Charles Willson Peale
Charles Willson Peale was one of the most important American artists of the eighteenth and early nineteenth centuries. He helped found the first art academies in the United States and forged a uniquely American style of painting.
In Colonial-era America, there were few options for men inclined toward the visual arts to receive training in painting, sculpture, and architecture. Charles Willson Peale, born in Maryland in 1745, was a visionary artist who set out to change the artistic landscape of the United States by establishing an academy on American soil so that aspiring artists could be trained at home rather than having to travel to Europe - an expensive and politically undesirable option. Peale himself traveled to London to train with painter Benjamin West, whose painting The Fatal Wounding of Sir Philip Sidney hangs in the same gallery at Woodmere .

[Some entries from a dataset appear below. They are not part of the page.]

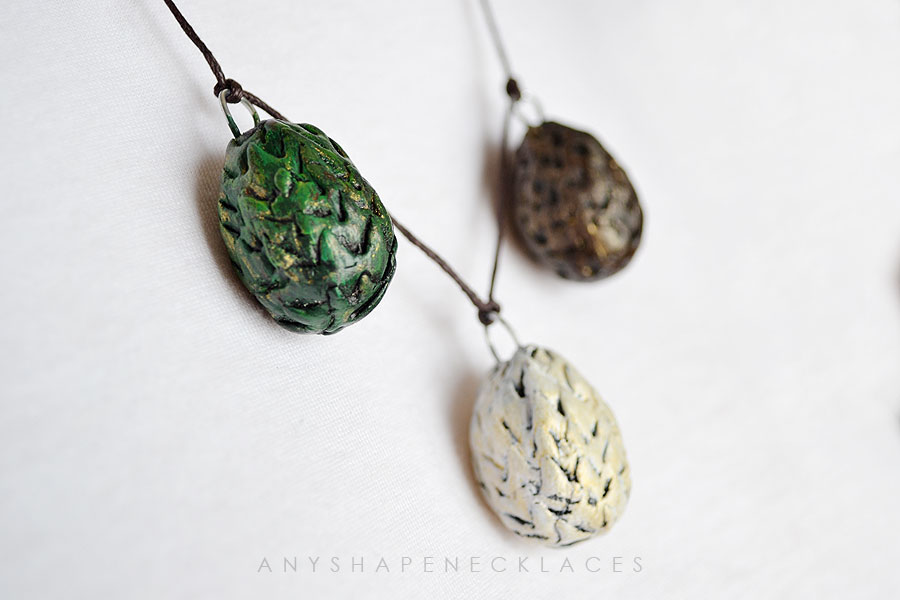 Game of Thrones Dragon Eggs necklace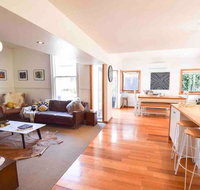 Best Location in Hobart Luxury 4 bedroom with stunning views - Accommodation Rockhampton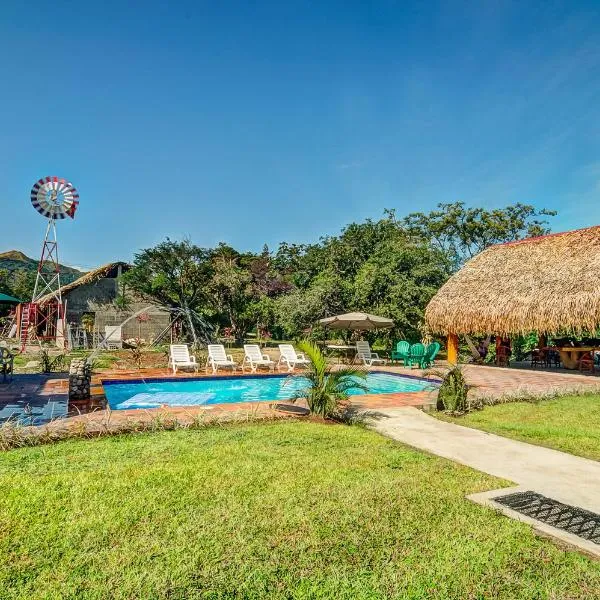 Windmill Hostal, hotel en El Valle de Antón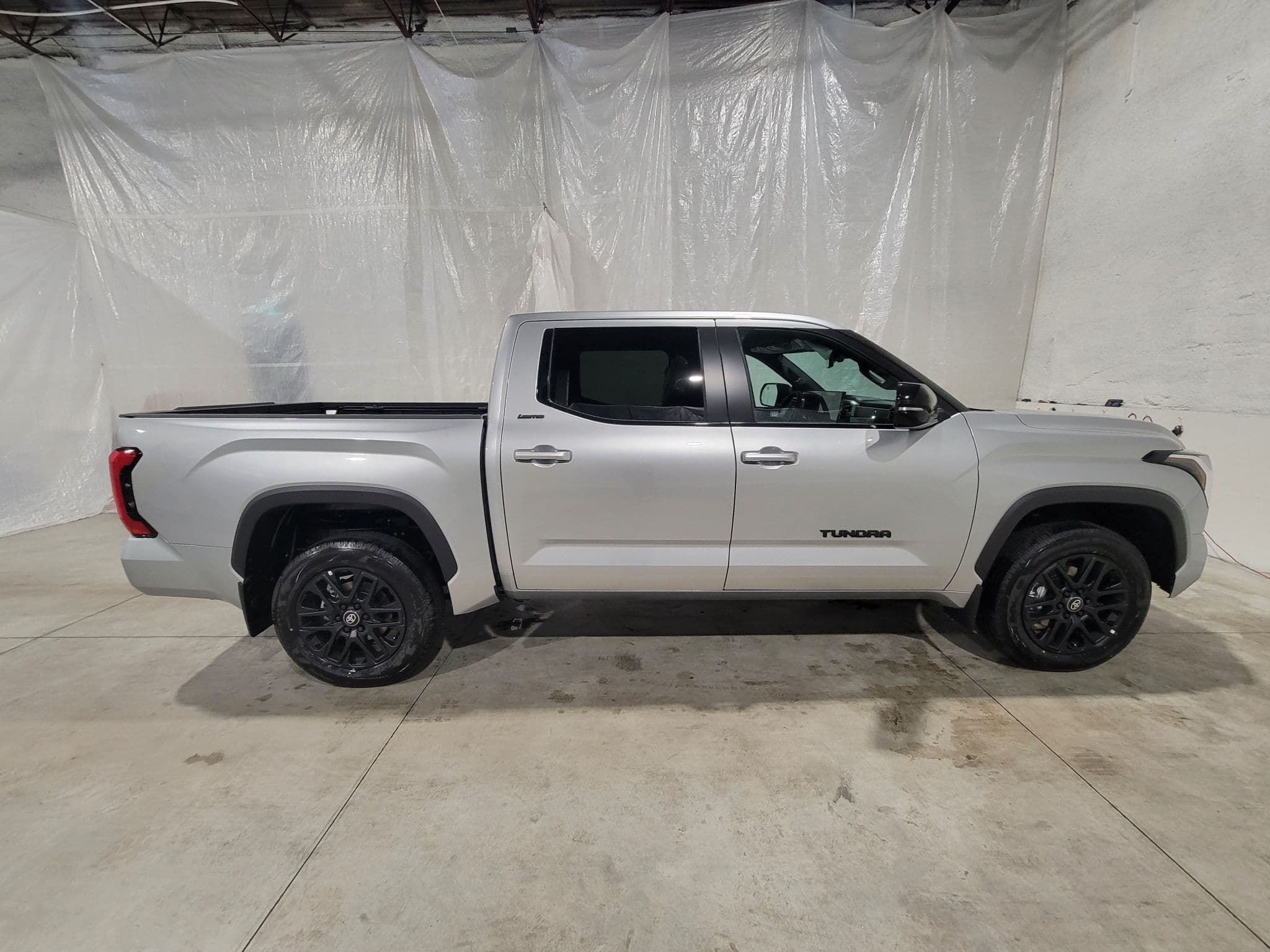 Toyota Tundra - 4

In 1794, he established the Columbianum, the first art school in the nation. This “American Academy of Painting, Sculpture, Architecture and Engraving” enjoyed an opening exhibition at Independence Hall. Though it did not last for very long, it was soon replaced when Peale helped to found the Pennsylvania Academy of the Fine Arts ten years later.
By the time he had painted Mrs. Francis in 1798, Peale was also heavily involved in the working of his own museum, called the Peale Museum, which was the first institution of its kind in America. Opened on July 18, 1789 in Philadelphia, the collection showcased artifacts of natural history alongside portraits of famous Philadelphians.